8月22日投開票の横浜市長選をめぐり、林文子市長(75)が15日、市役所で記者会見を開き、4期目をめざして無所属で立候補すると表明した。争点のひとつであるカジノを含む統合型リゾート(IR)の誘致については「横浜の経済活性化の核となるもの」と述べ、推進する考えを改めて示した。市長選への立候補表明は9人目。
林氏は「他の候補者には負けないし、全身全霊をかけて、命をかける気持ちでやっていく」と述べた。14日に地元経済界の有志らによる要請を受け、同日夜に立候補を決意したという。
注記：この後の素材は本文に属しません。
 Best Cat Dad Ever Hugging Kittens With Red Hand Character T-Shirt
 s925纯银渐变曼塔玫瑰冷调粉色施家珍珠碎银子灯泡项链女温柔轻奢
コロナ対策や経済活性化に最優先で取り組む考えを示し「とにかくワクチン接種を早く進める。市民が希望がもて、安心できる手立てを考えたい」と話した。
IR誘致については、立候補予定者のほとんどが反対の姿勢を示すなか、「反対されるのは、懸念が残っているから。なかなか理解されないが、引き続き丁寧に説明していく」と話し、依存症対策などにさらに取り組むと力を込めた。
また、2027年に米軍上瀬谷通信施設跡地(瀬谷、旭区)で開催される国際園芸博覧会と、その後の跡地整備を重点施策として取り組む考えを示し、「経済活性化のリーディングプロジェクトとしてしっかりやっていかねばならない」と話した。
林氏は、ダイエー会長や日産自動車執行役員などを歴任し、2009年に当時の民主党の推薦を受けて初当選。前回17年は自民、公明両党の推薦を受け、次点以下に大差を付ける盤石の選挙を見せた。
今回も4選出馬に意欲があるとみられていたが、自民党市連は6月、幹部が林氏に面会し、多選や高齢を理由に立候補しても支援できないことを伝えた。
この点について林氏は、「年齢は個人差があり私はまったくもって元気」とアピール。政党の推薦・支持は求めないという。市長在任は3期までの努力規定がある多選自粛条例については「時と場合による。今はコロナを収束させて市民を守るために、私の経験が役に立つ」と強調した。
市長選では、自民党衆院議員の小此木八郎氏(56)がIR誘致とりやめを掲げて立候補を表明。党市連は小此木氏を推薦するか議論したが、最終的に自主投票に決まった。これを受け、IRを推進してきた市議の一部は林氏支援に回るとみられる。